Exercise inputs =>
════

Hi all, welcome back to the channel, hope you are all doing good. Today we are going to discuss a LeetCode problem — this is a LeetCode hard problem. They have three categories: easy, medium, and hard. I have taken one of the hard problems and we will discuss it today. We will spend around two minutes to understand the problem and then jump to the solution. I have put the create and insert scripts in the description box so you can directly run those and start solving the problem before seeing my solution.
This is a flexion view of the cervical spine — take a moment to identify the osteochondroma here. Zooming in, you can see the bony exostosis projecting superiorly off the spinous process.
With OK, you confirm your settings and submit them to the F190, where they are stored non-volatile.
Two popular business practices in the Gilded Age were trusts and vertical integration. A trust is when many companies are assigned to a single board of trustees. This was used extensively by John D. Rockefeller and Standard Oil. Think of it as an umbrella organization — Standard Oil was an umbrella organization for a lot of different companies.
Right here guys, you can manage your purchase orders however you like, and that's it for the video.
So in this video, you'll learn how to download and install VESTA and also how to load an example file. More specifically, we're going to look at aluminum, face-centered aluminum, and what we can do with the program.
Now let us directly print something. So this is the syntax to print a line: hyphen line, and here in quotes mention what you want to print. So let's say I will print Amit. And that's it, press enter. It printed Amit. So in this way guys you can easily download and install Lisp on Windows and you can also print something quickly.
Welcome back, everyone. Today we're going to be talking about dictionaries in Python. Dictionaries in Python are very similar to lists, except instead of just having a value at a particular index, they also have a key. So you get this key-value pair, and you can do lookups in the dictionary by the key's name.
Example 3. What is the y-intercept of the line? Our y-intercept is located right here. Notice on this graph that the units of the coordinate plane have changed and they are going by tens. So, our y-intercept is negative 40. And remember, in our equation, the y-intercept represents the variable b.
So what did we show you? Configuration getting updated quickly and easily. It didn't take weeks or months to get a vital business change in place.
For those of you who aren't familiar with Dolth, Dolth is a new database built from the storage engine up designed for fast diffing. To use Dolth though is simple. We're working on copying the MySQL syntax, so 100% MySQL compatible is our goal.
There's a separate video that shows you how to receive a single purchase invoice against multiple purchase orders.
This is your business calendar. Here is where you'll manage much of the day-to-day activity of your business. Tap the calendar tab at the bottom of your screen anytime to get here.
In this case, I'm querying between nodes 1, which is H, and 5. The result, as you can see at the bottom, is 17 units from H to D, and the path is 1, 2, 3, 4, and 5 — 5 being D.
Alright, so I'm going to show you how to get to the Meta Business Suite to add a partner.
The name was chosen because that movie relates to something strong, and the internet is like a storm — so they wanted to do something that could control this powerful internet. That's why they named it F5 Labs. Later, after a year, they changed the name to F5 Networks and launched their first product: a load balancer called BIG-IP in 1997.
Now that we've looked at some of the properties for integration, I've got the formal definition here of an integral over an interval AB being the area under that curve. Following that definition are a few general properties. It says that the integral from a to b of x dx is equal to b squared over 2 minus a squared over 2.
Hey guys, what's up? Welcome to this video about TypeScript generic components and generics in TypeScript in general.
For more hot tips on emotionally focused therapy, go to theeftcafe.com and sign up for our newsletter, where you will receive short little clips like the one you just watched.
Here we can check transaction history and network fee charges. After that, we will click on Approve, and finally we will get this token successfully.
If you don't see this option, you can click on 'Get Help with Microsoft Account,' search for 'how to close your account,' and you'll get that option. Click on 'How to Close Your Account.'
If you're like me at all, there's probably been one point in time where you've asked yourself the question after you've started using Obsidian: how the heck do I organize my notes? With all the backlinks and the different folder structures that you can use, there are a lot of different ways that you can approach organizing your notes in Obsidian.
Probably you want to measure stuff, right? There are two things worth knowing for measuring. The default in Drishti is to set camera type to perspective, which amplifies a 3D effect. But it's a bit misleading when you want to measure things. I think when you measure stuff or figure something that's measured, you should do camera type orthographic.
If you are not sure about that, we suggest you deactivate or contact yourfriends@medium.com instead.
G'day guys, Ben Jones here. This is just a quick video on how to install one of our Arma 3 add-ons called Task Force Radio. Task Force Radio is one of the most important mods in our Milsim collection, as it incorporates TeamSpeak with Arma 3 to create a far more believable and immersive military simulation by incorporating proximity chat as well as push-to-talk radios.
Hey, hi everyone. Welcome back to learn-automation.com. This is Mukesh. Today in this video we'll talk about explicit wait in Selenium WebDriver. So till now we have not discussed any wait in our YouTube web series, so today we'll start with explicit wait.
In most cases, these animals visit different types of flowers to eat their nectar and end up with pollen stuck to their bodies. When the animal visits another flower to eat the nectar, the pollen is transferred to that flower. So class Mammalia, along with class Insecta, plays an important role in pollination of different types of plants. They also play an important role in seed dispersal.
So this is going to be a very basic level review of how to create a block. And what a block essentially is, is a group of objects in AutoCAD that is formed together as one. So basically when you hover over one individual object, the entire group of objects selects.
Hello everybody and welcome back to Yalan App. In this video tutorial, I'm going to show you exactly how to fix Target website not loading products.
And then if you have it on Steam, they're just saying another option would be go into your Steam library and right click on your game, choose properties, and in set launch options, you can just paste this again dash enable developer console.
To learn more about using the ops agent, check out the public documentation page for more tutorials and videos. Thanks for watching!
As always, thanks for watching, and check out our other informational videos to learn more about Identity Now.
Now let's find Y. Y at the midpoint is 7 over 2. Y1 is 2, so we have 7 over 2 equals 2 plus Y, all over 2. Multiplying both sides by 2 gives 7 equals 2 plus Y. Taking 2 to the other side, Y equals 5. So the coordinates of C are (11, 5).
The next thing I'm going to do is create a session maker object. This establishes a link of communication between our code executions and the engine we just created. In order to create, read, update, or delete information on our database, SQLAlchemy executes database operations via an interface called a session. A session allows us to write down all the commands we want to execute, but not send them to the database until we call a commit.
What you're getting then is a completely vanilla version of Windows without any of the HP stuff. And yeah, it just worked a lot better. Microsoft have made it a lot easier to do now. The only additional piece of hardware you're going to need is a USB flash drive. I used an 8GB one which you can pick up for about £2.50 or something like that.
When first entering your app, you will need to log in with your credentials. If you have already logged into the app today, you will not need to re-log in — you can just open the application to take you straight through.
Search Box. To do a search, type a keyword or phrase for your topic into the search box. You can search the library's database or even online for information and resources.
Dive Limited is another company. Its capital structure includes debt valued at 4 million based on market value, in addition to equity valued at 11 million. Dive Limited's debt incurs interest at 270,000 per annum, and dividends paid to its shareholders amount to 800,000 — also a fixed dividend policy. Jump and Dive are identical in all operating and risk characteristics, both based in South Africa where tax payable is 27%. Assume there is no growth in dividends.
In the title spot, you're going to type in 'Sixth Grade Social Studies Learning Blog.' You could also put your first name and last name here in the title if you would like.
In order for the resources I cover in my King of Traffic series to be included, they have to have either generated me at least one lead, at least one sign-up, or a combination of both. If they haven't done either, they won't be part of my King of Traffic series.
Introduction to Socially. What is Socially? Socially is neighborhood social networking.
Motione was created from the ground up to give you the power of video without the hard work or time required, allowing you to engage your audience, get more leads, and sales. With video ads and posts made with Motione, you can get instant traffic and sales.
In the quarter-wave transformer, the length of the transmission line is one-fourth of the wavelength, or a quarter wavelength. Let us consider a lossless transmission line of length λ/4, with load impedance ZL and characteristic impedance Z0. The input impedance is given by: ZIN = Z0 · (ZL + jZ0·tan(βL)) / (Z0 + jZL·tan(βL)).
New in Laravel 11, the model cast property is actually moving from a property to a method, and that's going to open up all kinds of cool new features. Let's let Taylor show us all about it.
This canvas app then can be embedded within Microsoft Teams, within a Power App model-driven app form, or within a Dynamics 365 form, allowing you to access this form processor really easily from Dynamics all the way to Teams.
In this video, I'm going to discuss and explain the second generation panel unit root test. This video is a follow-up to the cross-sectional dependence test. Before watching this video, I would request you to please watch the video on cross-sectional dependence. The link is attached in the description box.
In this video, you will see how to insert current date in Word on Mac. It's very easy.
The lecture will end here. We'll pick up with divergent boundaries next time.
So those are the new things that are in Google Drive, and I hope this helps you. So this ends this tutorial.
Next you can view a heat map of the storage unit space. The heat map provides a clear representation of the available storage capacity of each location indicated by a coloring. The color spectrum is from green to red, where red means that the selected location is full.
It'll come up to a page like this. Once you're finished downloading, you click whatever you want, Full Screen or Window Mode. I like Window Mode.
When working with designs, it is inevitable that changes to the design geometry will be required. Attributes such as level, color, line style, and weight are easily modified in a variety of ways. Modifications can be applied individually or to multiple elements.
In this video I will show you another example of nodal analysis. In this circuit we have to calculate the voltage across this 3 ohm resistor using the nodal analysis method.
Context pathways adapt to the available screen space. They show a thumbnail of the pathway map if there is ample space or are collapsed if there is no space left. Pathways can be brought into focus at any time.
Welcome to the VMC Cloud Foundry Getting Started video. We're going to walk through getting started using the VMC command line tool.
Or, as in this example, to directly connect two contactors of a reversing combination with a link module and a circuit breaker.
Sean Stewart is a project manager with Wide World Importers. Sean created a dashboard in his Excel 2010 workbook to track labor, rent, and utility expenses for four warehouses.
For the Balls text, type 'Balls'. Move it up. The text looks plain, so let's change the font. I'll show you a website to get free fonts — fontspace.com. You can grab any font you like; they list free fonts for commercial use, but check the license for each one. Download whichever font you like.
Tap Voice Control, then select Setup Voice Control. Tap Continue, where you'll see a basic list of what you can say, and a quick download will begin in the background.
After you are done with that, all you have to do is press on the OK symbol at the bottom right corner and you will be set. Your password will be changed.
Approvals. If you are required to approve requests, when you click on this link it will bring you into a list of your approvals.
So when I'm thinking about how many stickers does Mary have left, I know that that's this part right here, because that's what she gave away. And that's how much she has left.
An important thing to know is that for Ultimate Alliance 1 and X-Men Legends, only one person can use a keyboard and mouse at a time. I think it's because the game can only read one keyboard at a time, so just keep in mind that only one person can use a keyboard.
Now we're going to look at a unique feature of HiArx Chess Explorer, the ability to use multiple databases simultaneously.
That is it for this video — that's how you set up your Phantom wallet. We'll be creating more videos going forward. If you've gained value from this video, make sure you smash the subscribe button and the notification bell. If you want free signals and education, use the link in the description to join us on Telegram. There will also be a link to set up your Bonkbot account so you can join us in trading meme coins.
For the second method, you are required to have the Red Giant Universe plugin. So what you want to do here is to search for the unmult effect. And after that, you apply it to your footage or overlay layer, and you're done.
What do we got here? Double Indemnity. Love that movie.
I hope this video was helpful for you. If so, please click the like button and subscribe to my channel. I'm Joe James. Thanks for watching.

════

What needs to be done => Take from the material above the lines running from the one with "It'll come up" through the one with "Or, as in this", and repeat them exactly, with nothing else.

Response to this exercise =>
It'll come up to a page like this. Once you're finished downloading, you click whatever you want, Full Screen or Window Mode. I like Window Mode.
When working with designs, it is inevitable that changes to the design geometry will be required. Attributes such as level, color, line style, and weight are easily modified in a variety of ways. Modifications can be applied individually or to multiple elements.
In this video I will show you another example of nodal analysis. In this circuit we have to calculate the voltage across this 3 ohm resistor using the nodal analysis method.
Context pathways adapt to the available screen space. They show a thumbnail of the pathway map if there is ample space or are collapsed if there is no space left. Pathways can be brought into focus at any time.
Welcome to the VMC Cloud Foundry Getting Started video. We're going to walk through getting started using the VMC command line tool.
Or, as in this example, to directly connect two contactors of a reversing combination with a link module and a circuit breaker.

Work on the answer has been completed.